My cheapest honing setup is a $1 stone from the dollar store and autosol. You can sharpen something well enough to catch a hanging hair with it, and there's less tendency to start an edge in a state of wear already (rounded limited clearance) with two hard surfaces.
Does it make that much of a difference? Only if you're finish planing or finish paring, the two hard surface edge will have less tendency to nick (which will show up on a pared bevel, and obviously on a finish planed surface - inside of a dovetail socket, not so much.
My favorite cheat to get a good edge is this:
* washita on a japanese white steel chisel - slurried
* tiny bit of powder that I've saved from lapping razor stones that were very out of flat when I bought them (i flip them)
The washita wouldn't have to be slurried if the chisel wasn't japanese, but it's done because we generally don't grind them if we want them to look nice.

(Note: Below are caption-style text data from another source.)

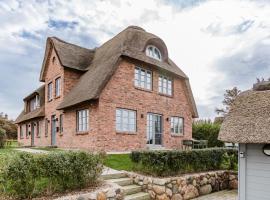Haus Deichblick 1, hotel em Dunsum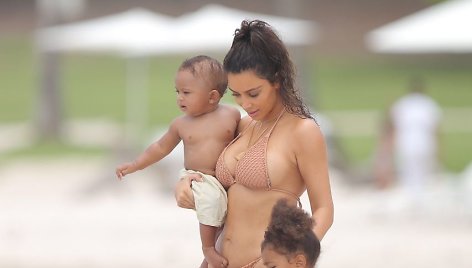 Kim Kardashian su vaikais North ir Saintu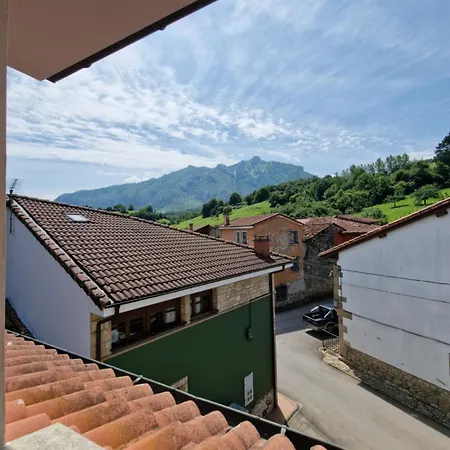 La Casona De Pascueru De Poo De Cabrales Сasa de vacaciones Carreña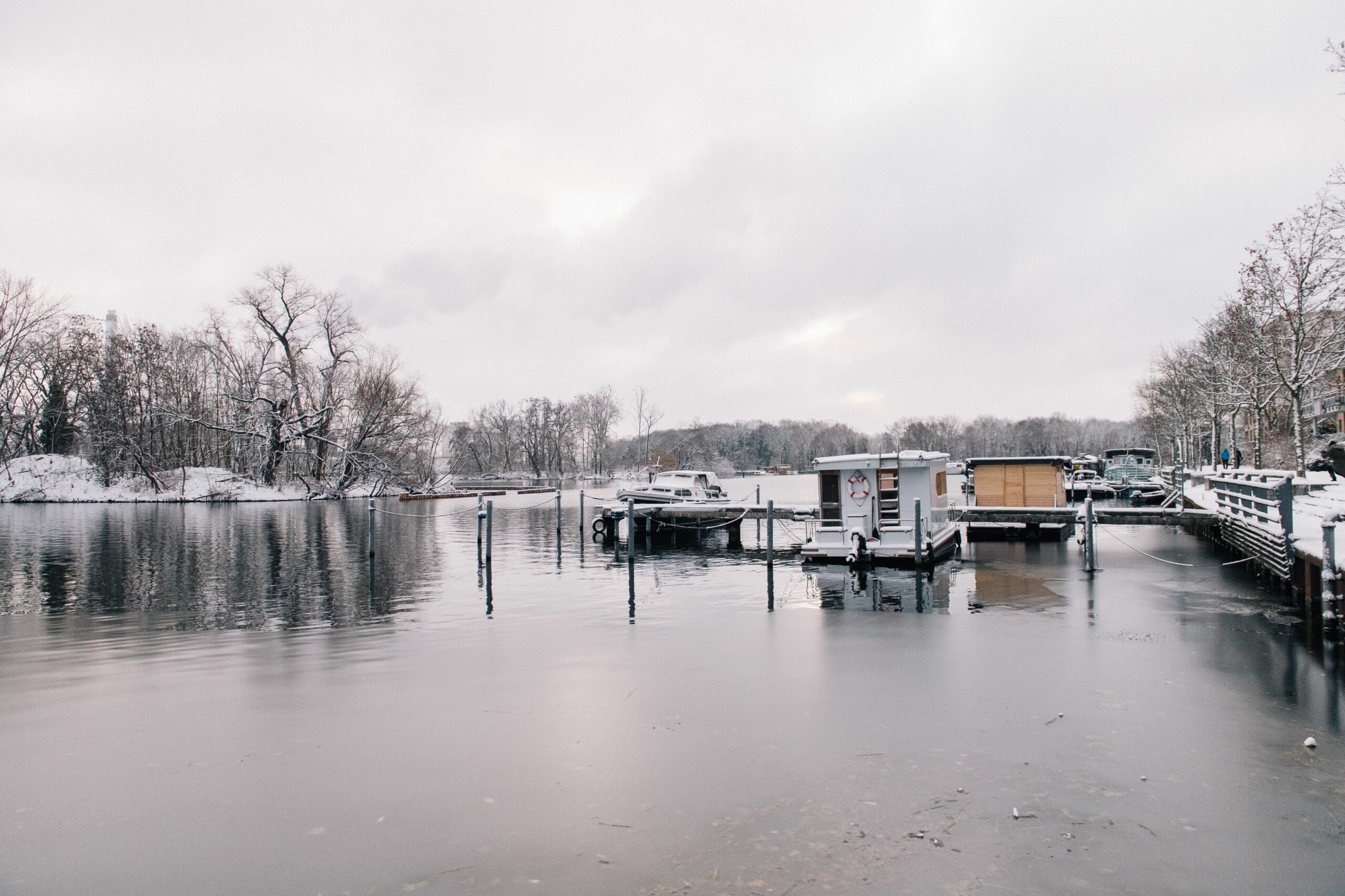 Hausboote im Winter (Symbolbild).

First the washita look after refreshing the entire bevel:
https://s26.postimg.org/z2fl2rl61/IMG_2 ... 202107.jpg
What that looks like under the scope (the washita doesn't cut the hard steel very deep, so the edge is pretty much finished - it does cut the wrought easily, so the balance of those two things is pleasant).
And then after 15 seconds or so of work on a jasper loaded with jnat powder in a light paste with WD 40 (which has a nice side effect of rust prevention with no additional effort - that I lose if I use only waterstones).
(the entire picture is about 0.5mm of edge lenth, so the scratches are pretty small. The washita edge alone does very nicely for most work - it's important at this level of magnification to focus on the actual edge and its straightness or lack of divots instead of getting put in a trance by the scratches or lack thereof on the bevel).
An interesting thing from looking at this is the lack of the voids that showed up in the AI chisel. This is Yasuki white #2, it is just better steel than western O1. It's also more expensive and a little harder to get right (no back yard heat treating with it). It is my favorite chisel steel because it's still not *that* hard, only about as hard as the hard ward stuff of old, and makers have better luck with it than they do usually with white #1 (which has a very strict range for hardening and tempering - something like 25 degrees F for the quench temperature). White 2 varies in hardness a lot depending on the maker. Ouchi's chisels are much harder, and from a practical standpoint, less covenient to use because of it.